= Panzi =

American LGBTQ rights activist

Panzi (b. Thom Hansen in 1953) is an American gay activist.

== Education and career ==
Hansen was educated at Pace University, where he studied business and accounting; thereafter he began working as a financial analyst, a business manager in the textile industry and an actor. He went on to establish his own real estate management firm which he ran for 10 years and is currently a vice president in the International Division of a major direct marketing firm. Hansen is openly gay and has been involved in the LGBT community since the early 1970s.

==Imperial Court System==
Panzi joined the Imperial Court of New York in 1993 and was elected to serve as its Empress XII "The Empress of Loyalty and Laughter" between 1998–99 and President of the Board of Directors from 2003 to 2006. Panzi also served as the Executive Secretary on the International Court Council, which oversees over 70 local Imperial Courts in the United States, Canada and Mexico from 1997 to 2007. In August 2007 he was elected President of the Council at the Hamilton-Wentworth, Canada meeting of the International Court Council.

==LGBT activities==
Since the early 1970s, Thom (Panzi) has been an LGBT activist with various organizations including the Christopher Street Liberation Day Committee (known as Heritage of Pride today); GMHC and the Arts Project of Cherry Grove.

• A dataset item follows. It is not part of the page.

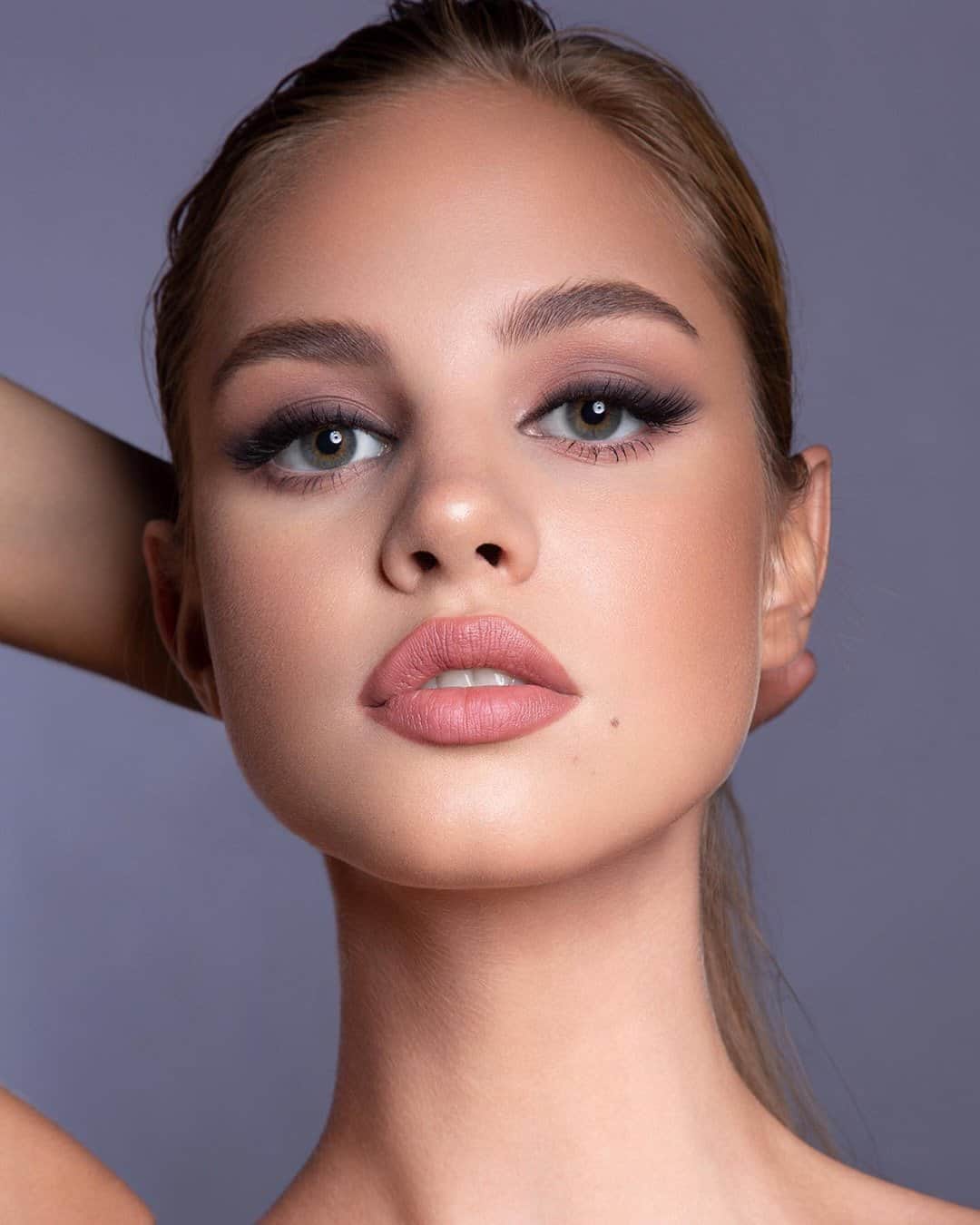 Chic Makeup For Dare Brides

In the early 1990s, Thom was the executive director of the Community Research Initiative (an HIV/AIDS Research Organization). He also has participated in almost every March on Washington, D.C. and most demonstrations in New York City. Panzi continues to raise money for the LGBTQ community.

==Film and television==
Panzi has appeared in several films, several Off-Broadway Shows and most notably on Cable Television, as the wacky neighbor, Mary Ellen on the Brini Maxwell Show.